A second problem with the implementation of the professionalization agenda thus far has been the adverse effects standards raising has had on the diversity of the pool of teacher education students. There are at least two issues here. First, there is the issue of keeping people out of teacher education programs who are trying to come into the system from an uneven playing field. Rather than looking at a range of attributes and skills that applicants bring to teacher education that include academic performance and potential, such as the kinds of characteristics valued in Haberman and Post’s urban teacher interview (Haberman, 1993, 1995), programs continue to emphasize and in some cases exclusively use academic criteria such as GPA and test scores to determine who will be admitted.
Despite all of the rhetoric about the importance of bringing more students of color into teacher education programs and the existence of some very successful alternative programs that deliberately seek out applicants from underrepresented groups (e.g., Clewell & Villegas, 2001), the picture in mainstream teacher education in the 1,300 or so institutions that offer programs is one of very little ethnic and racial diversity. Although not denying the importance of academic performance and content knowledge, the practice of ignoring some of the additional strengths that diverse candidates bring to teacher education programs has worked against the goal of recruiting more diverse teacher education cohorts and has ignored importance of some of the skills and experiences that are needed to be able to use content knowledge to promote pupil understanding and achievement (e.g., those concerned with being able to relate well with pupils and parents in diverse settings).

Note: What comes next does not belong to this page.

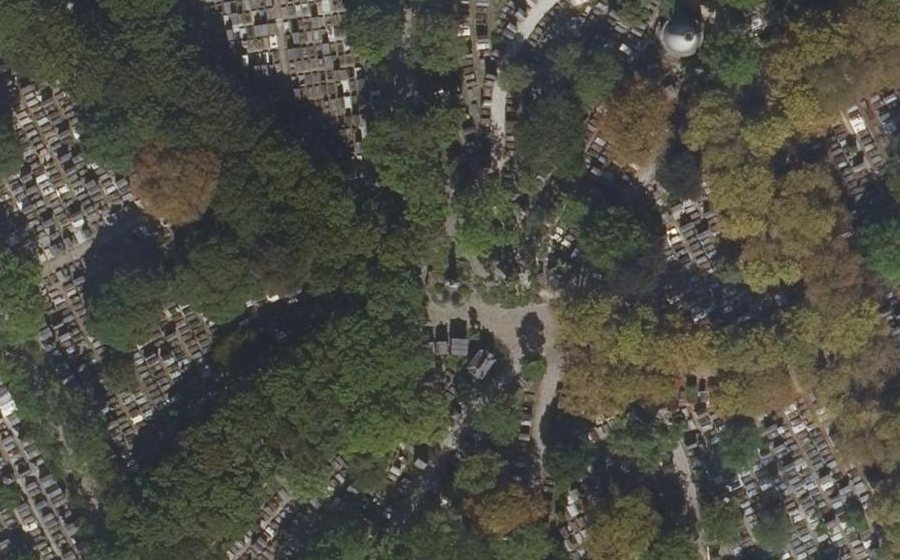 Vue aérienne du Rond-point anonyme n°37105634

A second aspect is that the performance assessments that have been used to evaluate teachers’ work do not always value the attributes and skills of some effective teachers. The current debates about the disproportionate failure rates of teachers of color in the National Board Certification process are an example of this problem. Jackie Jordan-Irvine, Gloria Ladson-Billings, and others have raised some very important concerns about cultural bias in the performance-assessment of teachers (Jordan-Irvine & Fraser, 1998; Ladson-Billings, 1999b).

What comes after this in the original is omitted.